__Data in this exercise__
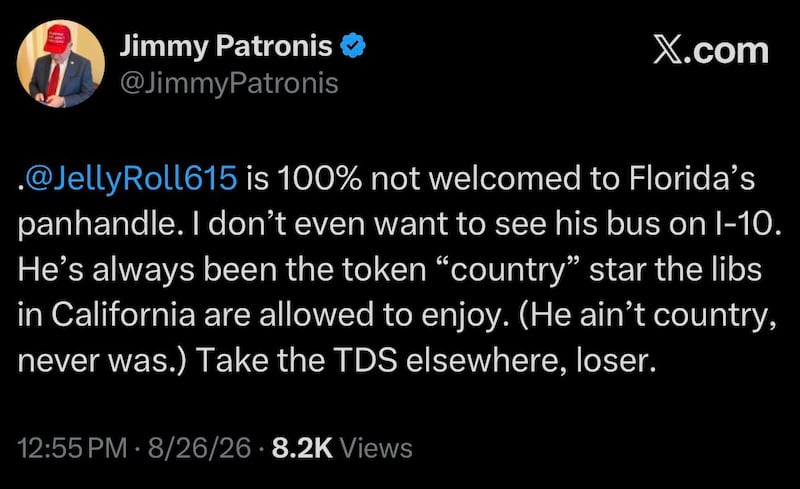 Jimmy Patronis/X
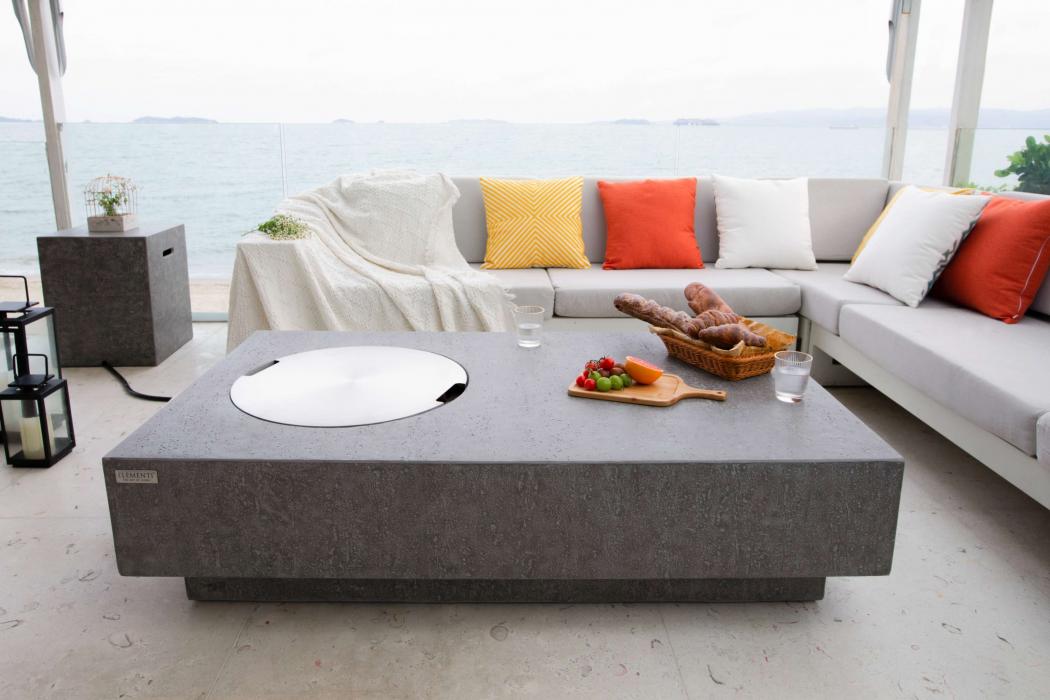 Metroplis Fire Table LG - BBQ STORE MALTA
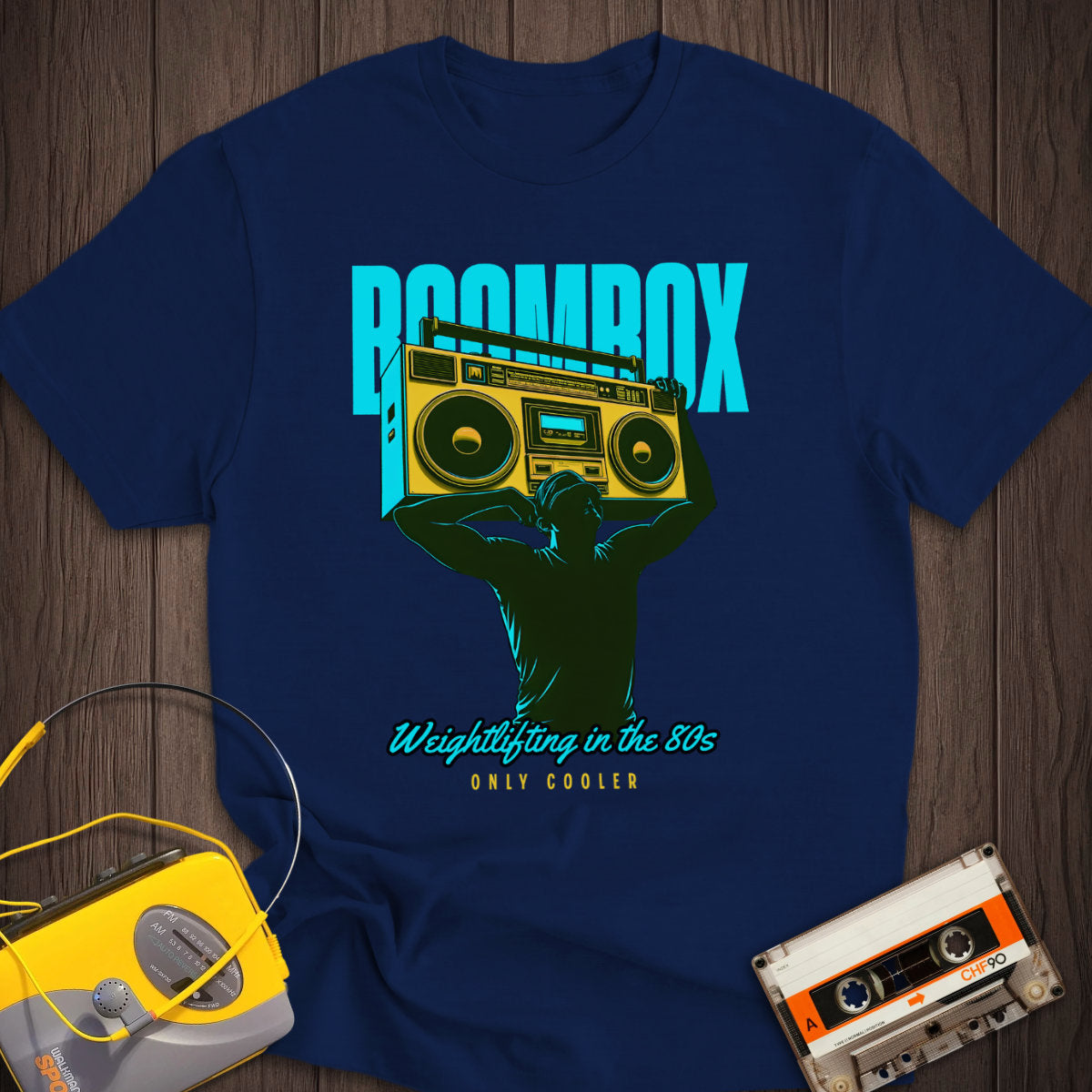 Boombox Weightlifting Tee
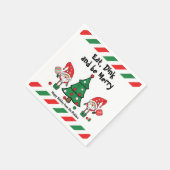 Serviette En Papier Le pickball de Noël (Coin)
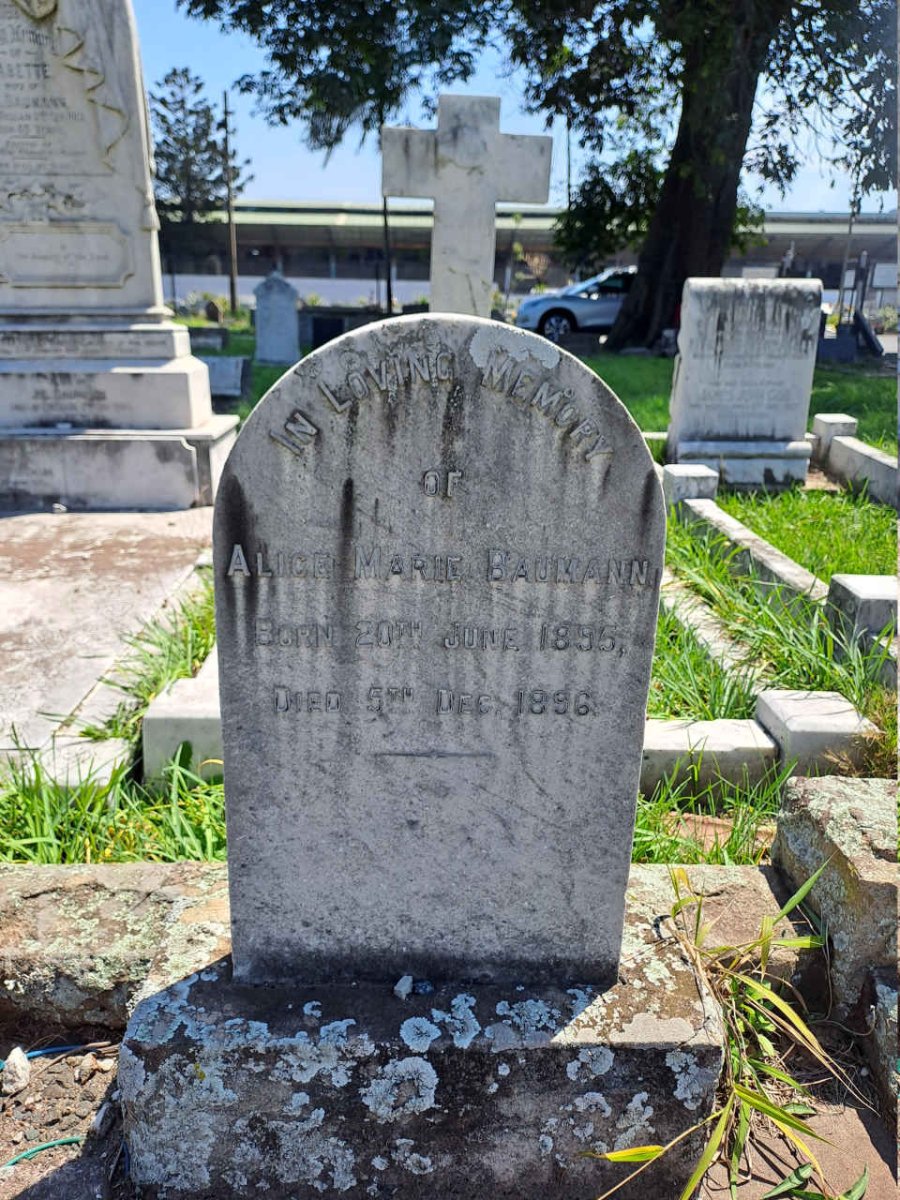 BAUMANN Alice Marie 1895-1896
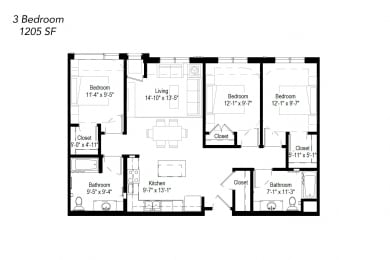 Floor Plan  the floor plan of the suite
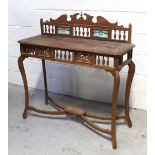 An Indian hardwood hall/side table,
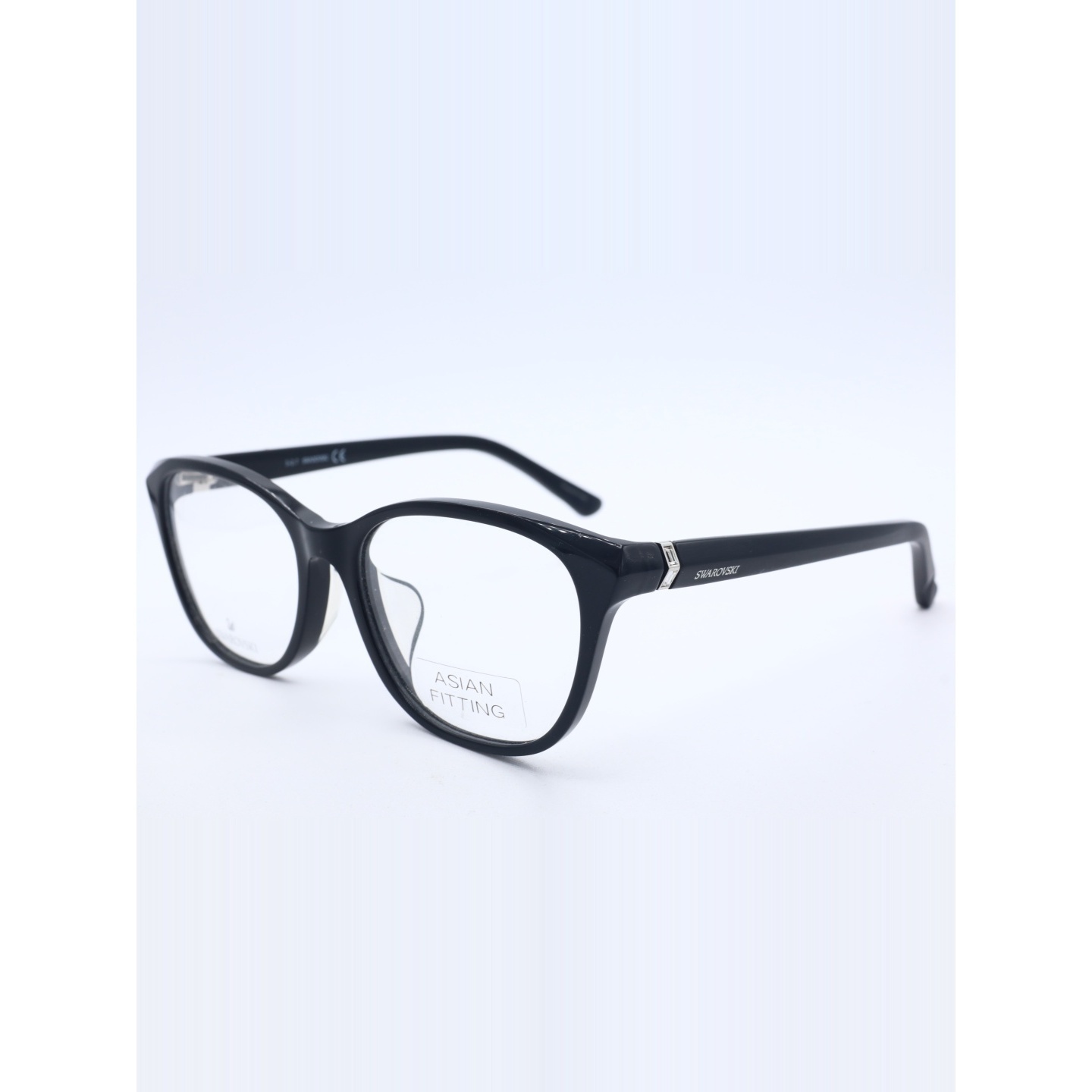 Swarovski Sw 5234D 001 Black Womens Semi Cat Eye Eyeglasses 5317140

__Task goal__
Your task is to retype exactly, and only, the lines from the one that holds "BAUMANN Alice Marie 1895-1896" through the end of the listing, both end lines included, without any pictures.

__Finished exercise__
 BAUMANN Alice Marie 1895-1896
 Floor Plan  the floor plan of the suite
 An Indian hardwood hall/side table,
 Swarovski Sw 5234D 001 Black Womens Semi Cat Eye Eyeglasses 5317140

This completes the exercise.